There’s yet more Passover material on tsuker-zis, the latest in a series of discs by trumpeter Frank London and singer Lorin Sklamberg that offer fresh interpretations of sacred Jewish music. Having already tackled nigunim and zemirot, the two long-time Klezmatics colleagues now turn their attention to Hasidic holiday songs, aided and abetted by electric guitarist Knox Chandler, Armenian-American oud player Ara Dinkjian, and North Indian percussionist Deep Singh.

Despite a few high-energy tracks—including a Chandler-driven version of an alphabetical acrostic Passover song (whose 25-word-long title lies beyond the scope of this document) that sounds pretty much the way a whirling dervish looks—the album as a whole exudes a mellow, meditative vibe: music to think about, or at least by. This might have something to do with Sklamberg’s light, reedy voice, with its intimations of emotional depth and fragility.
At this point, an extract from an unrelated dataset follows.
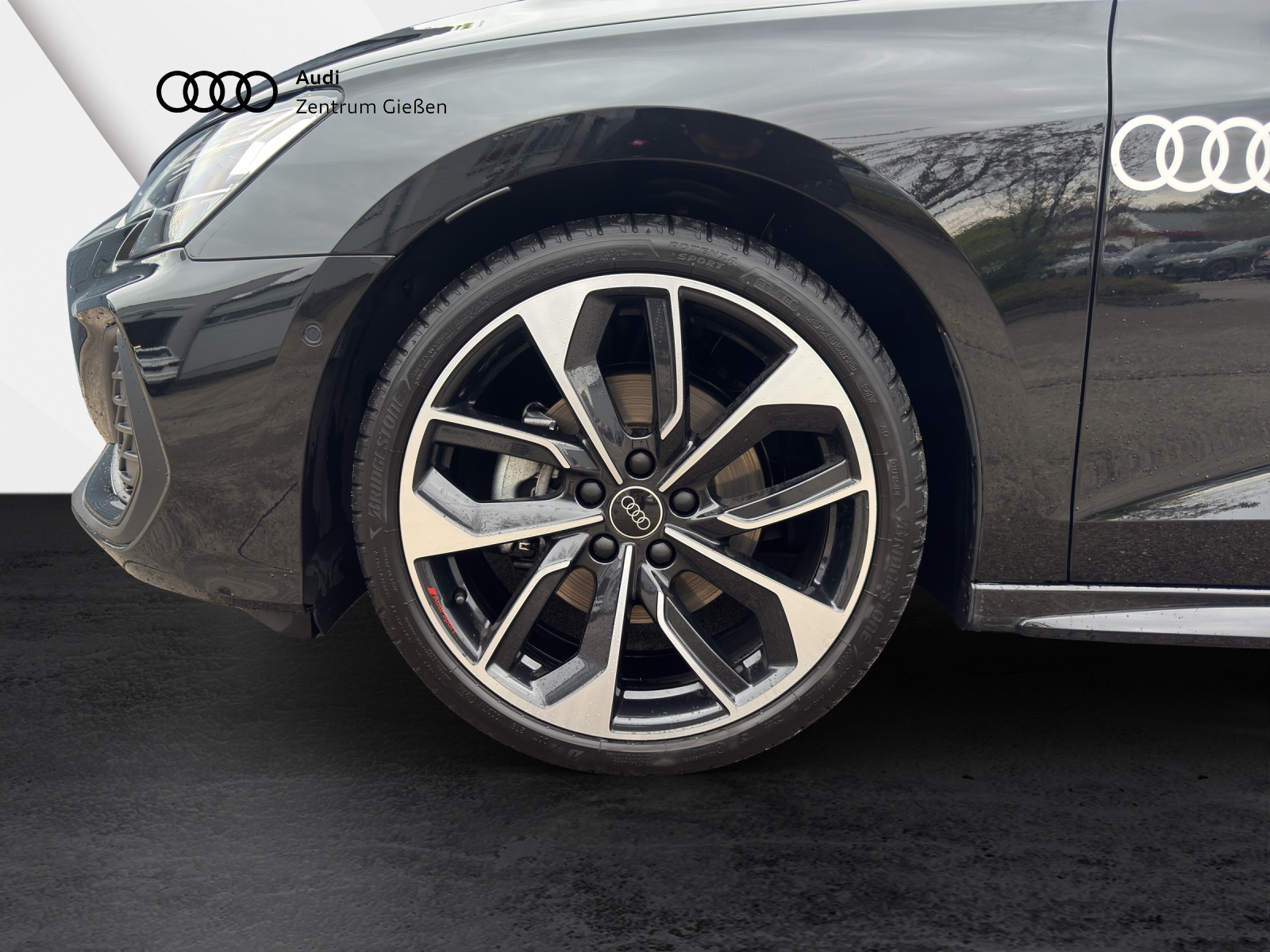 A3 Limousine 35 TDI S line Black HuD MATRIX PANO AHK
Or it could be the result of the relaxed tempos and open, quasi-ambient textures favored on many of the tracks. But I suspect it is mostly the fault of Dinkjian, whose every pause and flourish threatens to take you out of this world and into another, far more interesting one.
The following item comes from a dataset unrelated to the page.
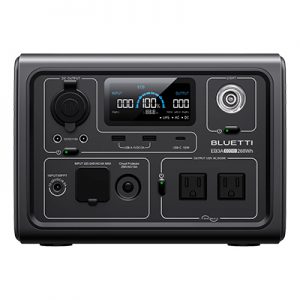 Bluetti EB3A Portable Power Station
The kind of musicianship displayed on both discs is wondrous to hear, and I have to admit that I tend not to expect it from singers, who, for all their talents, are often much less musically sophisticated than the instrumentalists who back them. That is most definitely not the case, however, with Ayelet Rose Gottlieb.

Whereas her previous recording, Mayim Rabim, was based exclusively on the Song of Songs, her latest, Upto Hear from Here, draws on a much more varied and uneven collection of texts. Some of Gottlieb’s self-penned lyrics, like the ones to “Life Is a Structure That Is (Accept It!)” and “Pomegranate Man,” the opening track whose fruity subject does provide a tenuous link to the upcoming holiday season, recall the bullshit that Mike Myers used to spew when doing his caricature of a chain-smoking beat poet. Then again, Gottlieb’s “Venezia,” a Middle Eastern-flavored composition dedicated to her grandmother and delivered in a mixture of English and Hebrew, with what sound like home audio recordings woven into the mix, is absolutely heartbreaking. Elsewhere, Gottlieb borrows some intriguing lines from the likes of Rumi, John Cage, and Agi Mishol.

In the end, however, the quality of the lyrics is almost irrelevant. Words play second fiddle to sound here, and sound is where Gottlieb shines. She’s a singer who thinks like an instrumentalist, and you can hear that in the very first bars of “Pomegranate Man,” when she sings wordlessly along with trumpeter Avishai Cohen and saxophonist Loren Stillman, blending in like just another horn player. Whether dipping into straight-ahead jazz, rummaging through her bag of gospel, soul, and Middle Eastern licks, or tossing off an avant-garde gesture, Gottlieb is always an integral part of the ensemble. That she’s able to stand shoulder-to-shoulder with her bandmates in so challenging an idiom—one marked by constantly shifting rhythms, ambiguous harmonies, and constant allusions to disparate genres—makes it even easier to forgive her lyrical lapses. I don’t know if Upto Here From Here contains quite as many delights as a pomegranate has seeds, but it has enough to make up for the lousy poetry.

Alexander Gelfand is a recovering ethnomusicologist, a sometime jazz pianist, and a former West African drummer. His work has appeared in the New York Times, the Chicago Tribune, the Forward, and elsewhere.